XPath select all text content for a <div> except for a specific tag <h5>

bslima picture bslima · Feb 27, 2013 · Viewed 16.7k times · Source

I searched and tried several solutions for this problem but none of them worked: I have this HTML

<div class="detalhes_colunadados">
   <div class="detalhescolunadados_blocos">
     <h5>Descrição completa</h5>
    Sala de estar/jantar,2 vagas de garagem cobertas.<br>
    </div>
    <div class="detalhescolunadados_blocos">
      <h5>Valores</h5>
            Venda: R$ 600.000,00<br>
          Condomínio: R$ 660,00<br>
    </div>
</div>

And wanna to extract by XPath only the text content in the first div class="detalhescolunadados_blocos" that are not h5 tags.
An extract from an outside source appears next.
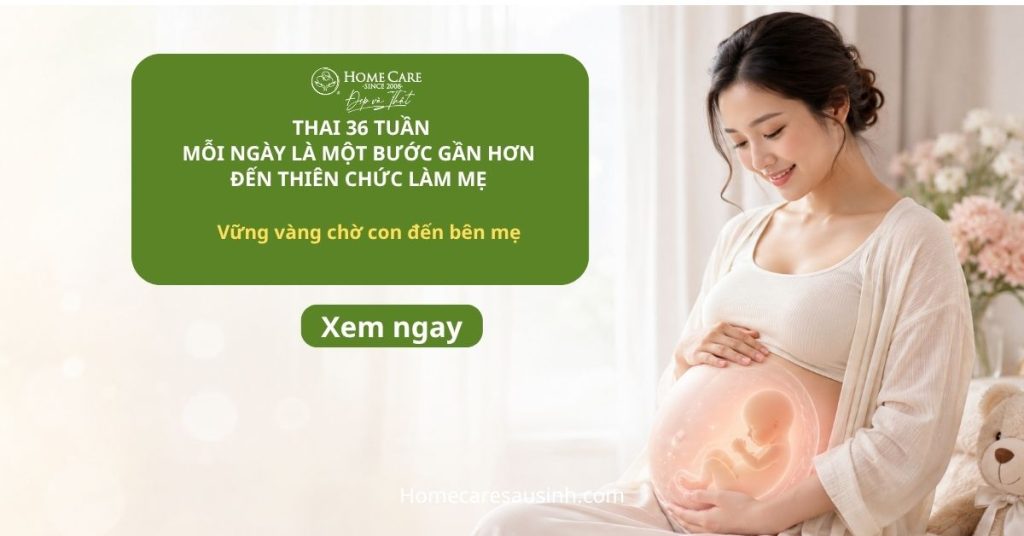 Thai 36 tuần: Bé phát triển thế nào và mẹ cần lưu ý gì trước ngày sinh? Thai 36 tuần: Bé phát triển thế nào và mẹ cần lưu ý gì trước ngày sinh?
I tried: //div[@class='detalhescolunadados_blocos']/[1]/*[not(self::h5)]

Answer

nwellnhof picture nwellnhof · Feb 27, 2013

Try the following XPath expression:

//div[@class='detalhescolunadados_blocos'][1]//text()[not(ancestor::h5)]

This will return:

$ xmllint --html --shell so.html
/ > xpath //div[@class='detalhescolunadados_blocos'][1]//text()[not(ancestor::h5)]    
Object is a Node Set :
Set contains 2 nodes:
1  TEXT
    content=      
2  TEXT
    content=     Sala de estar/jantar,2 vagas de gar...